_Exercise details:_ Reproduce the opening lines of the records exactly, up to and including the line in which "и офиса Драм-юнит" occurs.

_Supplied entries:_
◆ ◆ ◆ ◆ ◆

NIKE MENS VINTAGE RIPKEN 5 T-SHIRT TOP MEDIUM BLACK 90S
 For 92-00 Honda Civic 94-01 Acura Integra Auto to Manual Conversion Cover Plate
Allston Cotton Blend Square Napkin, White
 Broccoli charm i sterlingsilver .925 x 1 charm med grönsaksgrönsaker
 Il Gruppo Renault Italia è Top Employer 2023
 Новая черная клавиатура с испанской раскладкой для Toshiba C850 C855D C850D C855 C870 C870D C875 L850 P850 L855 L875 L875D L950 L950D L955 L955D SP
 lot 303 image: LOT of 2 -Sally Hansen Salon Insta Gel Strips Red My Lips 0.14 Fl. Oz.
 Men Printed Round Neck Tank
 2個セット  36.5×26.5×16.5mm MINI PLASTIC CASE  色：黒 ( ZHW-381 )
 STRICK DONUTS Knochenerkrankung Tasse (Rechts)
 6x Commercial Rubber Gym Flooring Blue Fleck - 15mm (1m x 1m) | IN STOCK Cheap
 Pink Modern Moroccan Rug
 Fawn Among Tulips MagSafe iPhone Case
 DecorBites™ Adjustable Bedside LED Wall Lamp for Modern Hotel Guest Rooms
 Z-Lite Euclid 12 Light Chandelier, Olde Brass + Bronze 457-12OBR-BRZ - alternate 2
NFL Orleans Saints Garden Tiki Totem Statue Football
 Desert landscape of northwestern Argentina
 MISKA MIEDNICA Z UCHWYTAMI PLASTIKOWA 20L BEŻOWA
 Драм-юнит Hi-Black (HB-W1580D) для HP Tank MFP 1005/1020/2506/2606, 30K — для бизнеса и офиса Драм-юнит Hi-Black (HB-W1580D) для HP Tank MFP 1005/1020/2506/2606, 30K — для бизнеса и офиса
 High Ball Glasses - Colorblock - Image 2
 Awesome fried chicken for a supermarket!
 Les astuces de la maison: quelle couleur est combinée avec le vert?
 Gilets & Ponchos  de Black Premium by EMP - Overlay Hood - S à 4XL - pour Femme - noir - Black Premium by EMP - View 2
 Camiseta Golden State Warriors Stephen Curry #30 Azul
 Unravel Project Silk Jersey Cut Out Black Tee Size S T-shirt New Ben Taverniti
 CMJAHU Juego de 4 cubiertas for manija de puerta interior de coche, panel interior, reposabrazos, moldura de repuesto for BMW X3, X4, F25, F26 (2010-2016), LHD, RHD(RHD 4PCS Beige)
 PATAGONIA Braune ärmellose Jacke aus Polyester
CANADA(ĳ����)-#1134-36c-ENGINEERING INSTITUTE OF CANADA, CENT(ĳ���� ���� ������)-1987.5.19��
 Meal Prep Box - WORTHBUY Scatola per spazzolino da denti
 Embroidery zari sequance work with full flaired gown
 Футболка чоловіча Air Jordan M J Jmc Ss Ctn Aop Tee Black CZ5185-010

◆ ◆ ◆ ◆ ◆

_Answer to this exercise:_
NIKE MENS VINTAGE RIPKEN 5 T-SHIRT TOP MEDIUM BLACK 90S
 For 92-00 Honda Civic 94-01 Acura Integra Auto to Manual Conversion Cover Plate
Allston Cotton Blend Square Napkin, White
 Broccoli charm i sterlingsilver .925 x 1 charm med grönsaksgrönsaker
 Il Gruppo Renault Italia è Top Employer 2023
 Новая черная клавиатура с испанской раскладкой для Toshiba C850 C855D C850D C855 C870 C870D C875 L850 P850 L855 L875 L875D L950 L950D L955 L955D SP
 lot 303 image: LOT of 2 -Sally Hansen Salon Insta Gel Strips Red My Lips 0.14 Fl. Oz.
 Men Printed Round Neck Tank
 2個セット  36.5×26.5×16.5mm MINI PLASTIC CASE  色：黒 ( ZHW-381 )
 STRICK DONUTS Knochenerkrankung Tasse (Rechts)
 6x Commercial Rubber Gym Flooring Blue Fleck - 15mm (1m x 1m) | IN STOCK Cheap
 Pink Modern Moroccan Rug
 Fawn Among Tulips MagSafe iPhone Case
 DecorBites™ Adjustable Bedside LED Wall Lamp for Modern Hotel Guest Rooms
 Z-Lite Euclid 12 Light Chandelier, Olde Brass + Bronze 457-12OBR-BRZ - alternate 2
NFL Orleans Saints Garden Tiki Totem Statue Football
 Desert landscape of northwestern Argentina
 MISKA MIEDNICA Z UCHWYTAMI PLASTIKOWA 20L BEŻOWA
 Драм-юнит Hi-Black (HB-W1580D) для HP Tank MFP 1005/1020/2506/2606, 30K — для бизнеса и офиса Драм-юнит Hi-Black (HB-W1580D) для HP Tank MFP 1005/1020/2506/2606, 30K — для бизнеса и офиса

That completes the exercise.